Durante la independencia, el indígena peruano empuñó la bayoneta para respaldar a los generales realistas ante la estupefacción de los libertadores criollos. En la Guerra del Pacífico, la débil resistencia del país no fue sino la expresión de la división y encono internos. En el siglo XX, ni las guerras con Ecuador ni la delimitación de la frontera norte convocaron un consenso semejante al de hoy. Quizá la lucha contra el terrorismo gestó una reacción común en el país, porque diversos sectores fueron duramente golpeados por el senderismo. Sin embargo, la voluntad de establecer un relato oficial de la historia reciente de la violencia echó por la borda ese momento privilegiado. No obstante, ahora parece que no existe argumento ni fuerza capaz de interrumpir la cohesión inédita del Perú. ¿En dónde reside la diferencia del presente con respecto al pasado?
Quizá el nuevo protagonista sea el mercado. No “el mercado” de la sociedad oligárquica que, en muchas ocasiones, se convertía en una coartada para mantener la exclusión del mundo andino. Se trata del mercado que han construido los millones de migrantes de las últimas décadas y han transformado a las principales ciudades del Perú en pujantes sociedades de propietarios y empresarios. Algo más. No obstante que los partidos y los proyectos intelectuales se desmoronaron, la persistencia de la democracia nos impulsa hacia el cuarto proceso electoral ininterrumpido y, de súbito, se puede sostener que el Perú se ha transformado en una sociedad de millones de ciudadanos con voto y propiedad.
Cuando todos los miembros de una comunidad política acceden a la propiedad y ejercen el voto, la idea de un país, de un Estado y de unas fronteras que pertenecen solo a algunos cede a la convicción de la pertenencia de todos. Y, entonces, el consenso nacional o quizá el concepto de una nación (como se planteó en los siglos XIX y XX) adquieren sentido y, de alguna manera, este sentimiento se representa en el Estado. Hoy, la voluntad de respetar el fallo de La Haya es una prolongación de nuestra práctica democrática. Y el valor que les damos a las inversiones chilenas es la expresión de la masificación del mercado y la propiedad.
La idea de nación es un sable poderoso de doble filo. Cuando se la asocia solo al Estado al margen de la democracia y del mercado, puede desencadenar aberraciones como el nazismo y los nacionalismos tropicales de todo pelaje.

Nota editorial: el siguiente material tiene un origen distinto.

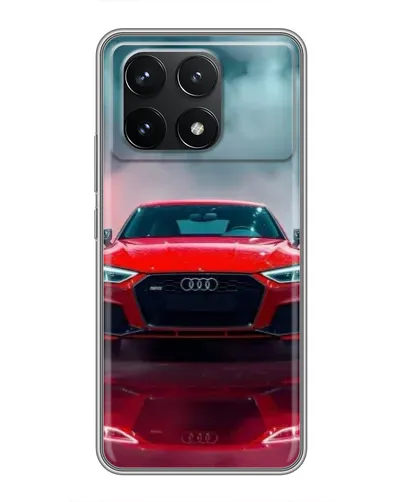 Чехол для Xiaomi POCO F6 Pro с картинкой «Audi RS — красный стиль»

Pero cuando la nación y el Estado se convierten en la otra cara de la medalla de la democracia y del mercado, las sociedades humanas pueden organizar arquitecturas increíbles. Si Francia y Alemania, dos enemigos del pasado, se pusieron de acuerdo para crear una nueva Europa, ¿por qué el Perú y Chile no pueden hacer cosas parecidas en Sudamérica?.